Darrelyn, I feel the same way.
That line, “after great pain, a formal feeling comes” is one of my all-time favorites. I also adore the Auden poem. I read poetry as well and find it intensely moving. Thank you for these reminders of such beloved lines.
xo
Lindsey, I had never heard the Emily Dickinson poem before and was so happy to discover it.
It felt psychic or something to see this comment from you. I’ve been hanging out at one particular post of yours: the spaces that hold our memories: http://www.adesignsovast.com/2010/05/phillips-chapel-a-sacred-space/.
In a few weeks I’ll be visiting a space that holds memories for me and I want to write a post about that and will link to yours.
xo
Love the Bly & Dickinson poems.
I have a stash of favorite poems I keep adding to. At the moment it’s nearly 200 pages deep. I regularly return to a few poems, to read and study them, including Plath’s Lady Lazarus and Stafford’s Assurance. Also Walcott’s Love After Love. And The Thing Is by Ellen Bass. There are also some Clifton & Sexton & Bishop favorites in there, as well as Rich and Neruda, etc.

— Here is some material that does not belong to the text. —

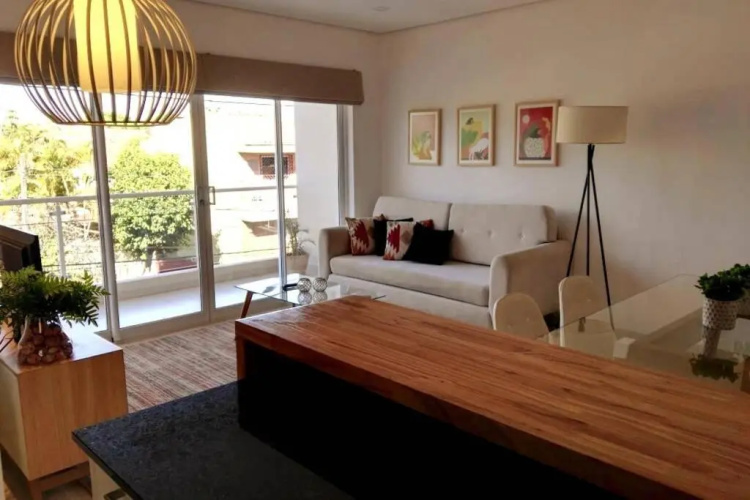 N1A2 - New, Nice, for Long and Short Stay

A new fave is Seven Of Pentacles by Marge Piercy. Just discovered it and it deserves a few readings.
Terresa, thanks for those poems. I was surprised to find all available online. Here they are:
~Lady Lazarus by Sylvia Plath: http://www.sylviaplathforum.com/ll.html
~Assurance by William Stafford: http://www.williamstafford.org/spoems/pages/assurance.html
~Love after Love by Derek Walcott: http://www.poemhunter.com/poem/love-after-love/
~The Thing Is by Ellen Bass: http://poetry365.tumblr.com/post/76495158/the-thing-is-ellen-bass
~The Seven of Pentacles by Marge Piercy: http://www.panhala.net/Archive/Seven_of_Pentacles.html
Hey, Terresa, did you see that on the last page of O Magazine in the July issue, she mentions “Love After Love” by Derek Walcott, and the line from the top of your blog: “Sit. Feast on your life.”
I don’t know why I never thought of reading a poem before writing fiction. I do read poems before I write poems, especially when I’m just blanking. Reading it just puts me in writing mode. I’m going to have go read some poetry.

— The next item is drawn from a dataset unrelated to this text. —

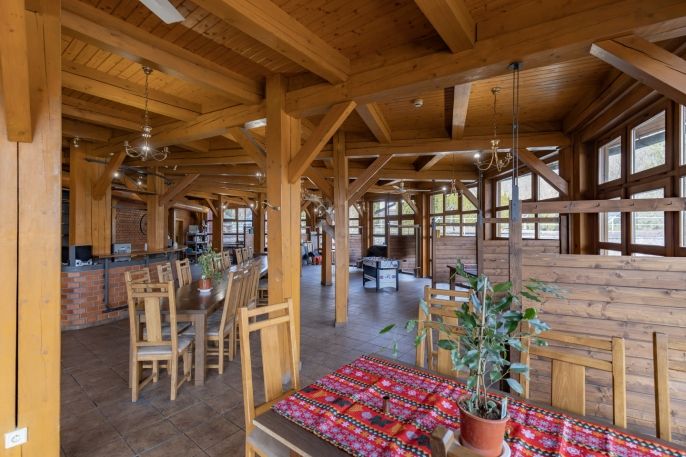 Prodej, Restaurace, stravování, Černotín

Cristina, Pam Houston gave me the idea for this. She would read poems to our group before we started discussing a manuscript.

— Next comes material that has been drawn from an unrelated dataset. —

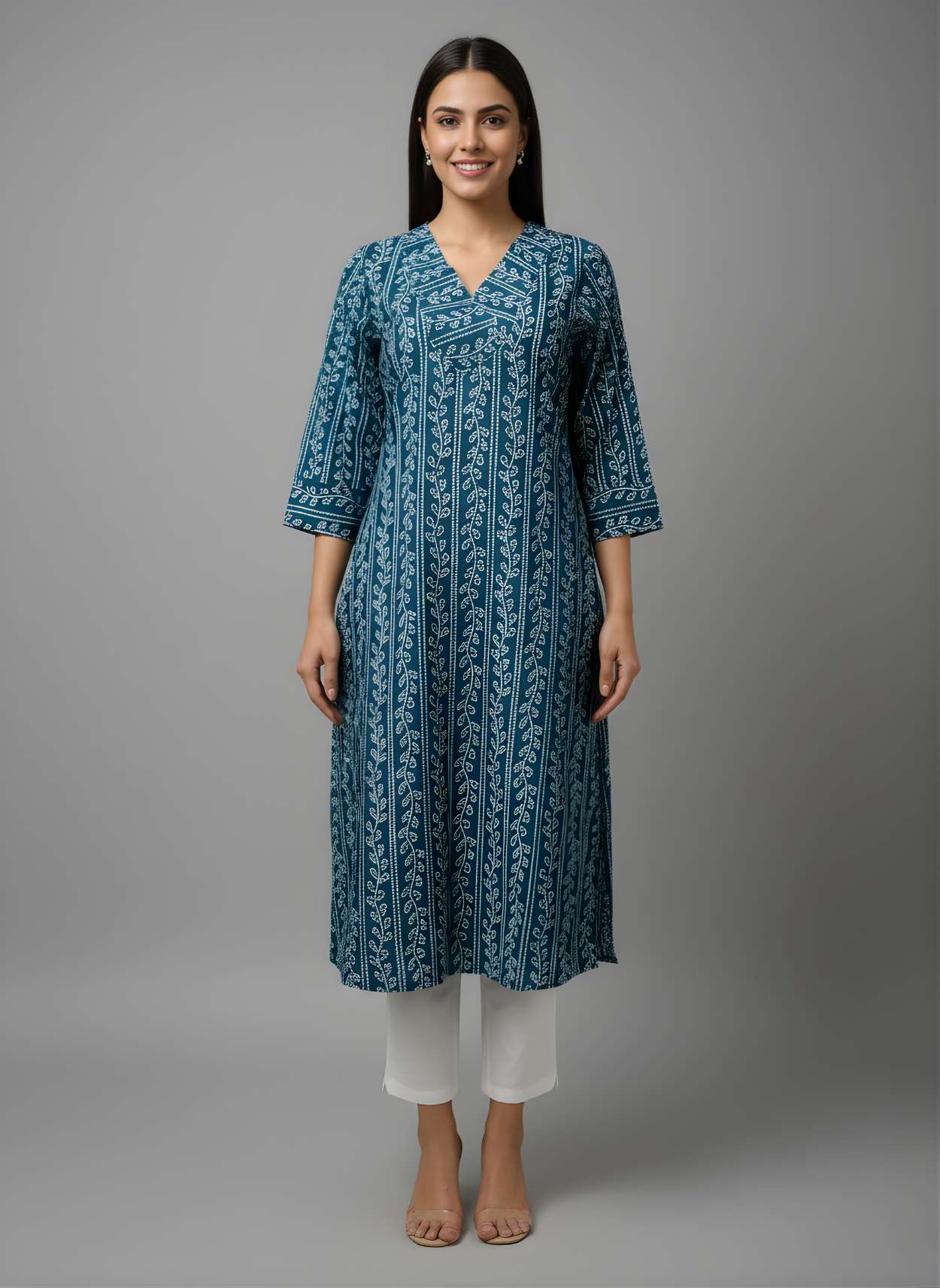 Neelufer Creation women kurti bulk buyer supply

You make me want to go back and read more Dickinson.
My favorite poet if Robert Frost, but I also find myself revisiting T.S. Eliot. My son recited a few lines, and I asked if he had studied The Love Song at school, but he was just parroting back lines he’d heard me and my husband recite. Poor kid, I made him and his sister sit down and listen to the whole poem.
I don’t read anything other than the NYT before I start my writing day. Sometimes I have to tone down the lyrical voice to fit the character. Reading poetry would only make that tendency more pronounced.
Sarah, how wonderful that your children can/will recite lines of poems to you! I like Robert Frost too. And I’m so glad you pointed out a potential downside to reading poetry before writing. That way, if I find I need a less lyrical voice, I can switch to some other type of warm-up.
Wonderful post, Cynthia! I have read and written poetry most of my life, in between painting, and often during painting. I will pause in the painting process to read poetry as it seems to evoke and spark images for me. I have too many favorite poems to even begin to name them but I do return often to Dickinson, Sexton, Susan Griffin, Mary Oliver, Rumi, Hafiz, Lalla Ded, Tagore, Neruda, Antonio Machado, and lately Octavio Paz. My love of poetry only deepens and broadens as I grow older.
Thanks, Holly. I appreciate your taking the time to post a comment. Until I read this, I hadn’t really thought about what painters do for inspiration. Now I realize I could just as easily start my writing day by looking at paintings. Which I basically did with my first novel without realizing I was doing it. Nice to know you write too. So many creative people I know are creative in more than one medium. But not me; I can just squeeze enough creativity out of my rational self for writing!